Un pranzo segreto al Quirinale mercoledì 27, un'ora assieme per fare il punto della situazione, proprio nel mezzo della tempesta che scuote il centrodestra, con la maggioranza che finisce sotto due volte al Senato. Siccome però in Italia il segreto non esiste, ecco che dopo qualche ora la notizia circola e la colazione istituzionale diventa un «normale incontro di lavoro». Per il Colle il faccia a faccia è «cordiale e collaborativo», per le fonti di maggioranza un colloquio «programmato da almeno una settimana, quindi non a sorpresa». Del resto, raccontano, i due si vedono spesso attorno a un tavolo, in particolare «in occasione di missioni all'estero di rilievo». Mattarella è appena stato in Cina, Meloni in Brasile e Argentina, poi l'Europa. Parlarsi direttamente e perciò «automatico». Tema del pranzo, secondo Palazzo Chigi, appunto «i viaggi internazionali, la prossima Finanziaria e un excursus sulle prospettive europee» dopo la faticosa nascita di Ursula due. La politica? Fuori dal menù. In realtà il capo dello Stato, negli ultimi tempi parecchio attivo e interventista, non rinuncia a scavare «nelle fibrillazioni» che scuotono la maggioranza e a fornire il suo parere istituzionale su alcune iniziative dell'esecutivo e della coalizione di centrodestra. Dal raddoppio del finanziamento ai partiti al tempo da concedere alle Corti d'Appello per organizzarsi sul decreto migranti, dal pacchetto sicurezza al dialogo con i sindacati fino ai rapporti burrascosi con la magistratura: di carne al fuoco ce n'è parecchia. E Mattarella ne parla, e precisa che le obiezioni arrivate dagli uffici del Colle non sono certo politiche, bensì procedurali. Lo scopo del Quirinale è quello di evitare strappi e contenere i dissidi tra i poteri della Repubblica, da qui il continuo richiamo a frenare lo scontro con le toghe. E poi, mettere tra le parti sociali, questo sì che è un punto considerato pericoloso. È un periodo difficile, gli animi si surriscaldano, le piazze si riempiono, si registrano violenze, la tenuta sociale della nazione può diventare a rischio. Per questo motivo nelle ultime settimane vediamo il presidente che cerca di parlare al Paese reale, moltiplicando gli appelli alla calma e al confronto. L'Anci, la Confesercenti, la Confartigianato, le Acli, persino Il Touring club. Mattarella incontra gente, sorride, va sul palco, tiene discorsi curati di persona, fa sentire la sua presenza.

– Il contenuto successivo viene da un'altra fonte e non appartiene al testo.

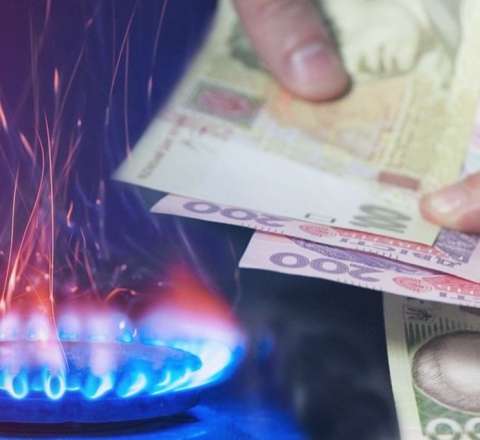 Qazın qiyməti artdı 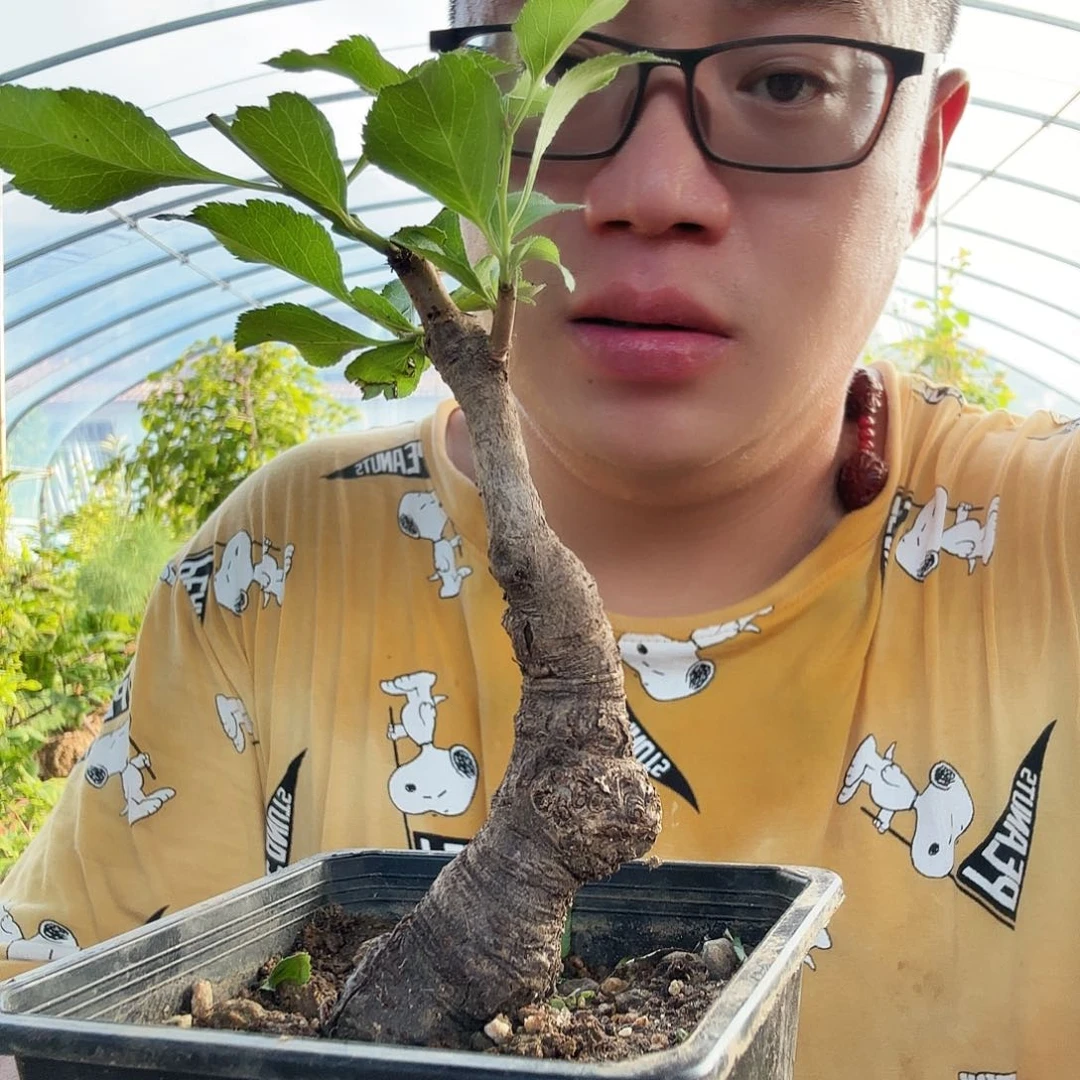 薛***辉当前无花朵，栽培后可花朵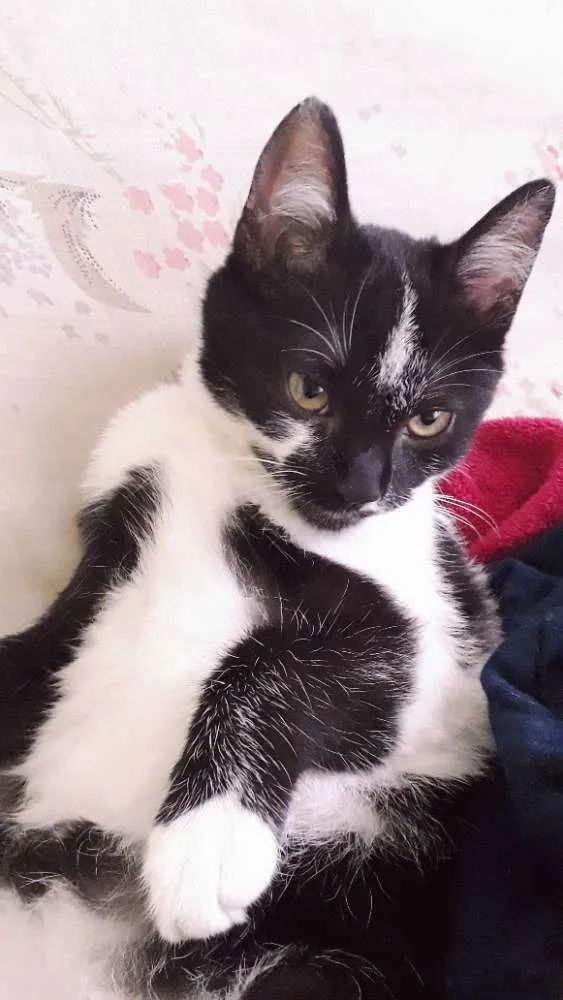 Gato raça Srd idade 2 a 6 meses nome Bruce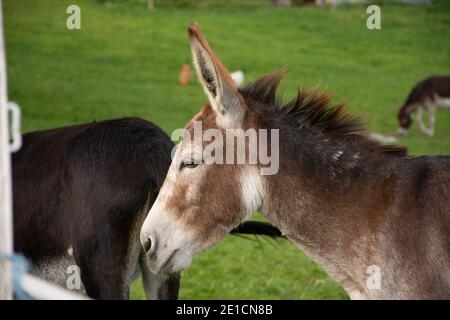 Donkeys in a field on a farm Stock Photo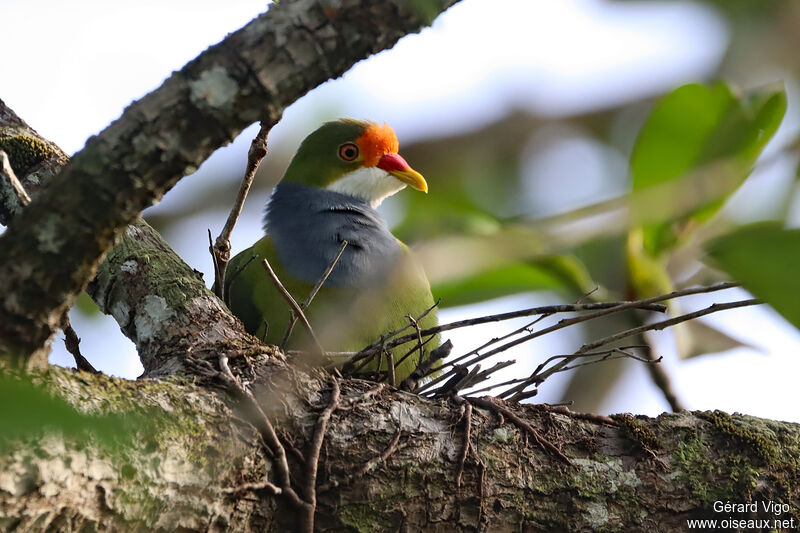 Orange-fronted Fruit Doveadult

La chiave, il filo rosso, è l'invito al dialogo, rivolto ai sindacati sul piede di guerra e alle opposte tifoserie parlamentari. Una spinta a una collaborazione istituzionale e alla consapevolezza «dei limiti» dei vari pezzi dello Stato, un richiamo a quel dovere repubblicano che lui è il primo a rispettare, quando gli capita di promulgare «anche le leggi che non mi piacciono», se non presentano problemi costituzionali o di copertura finanziaria. Il Parlamento vota ed è sovrano. Dietro, la necessità di fare squadra.

Un concetto che vale a Pechino quando difende il Made in Italy e al Quirinale quando riceve Raffaele Fitto prima dell'investitura, un segnale chiarissimo al Pd perché sostenesse il candidato italiano alla vicepresidenza esecutiva dell'Unione. In qualche modo ha funzionato.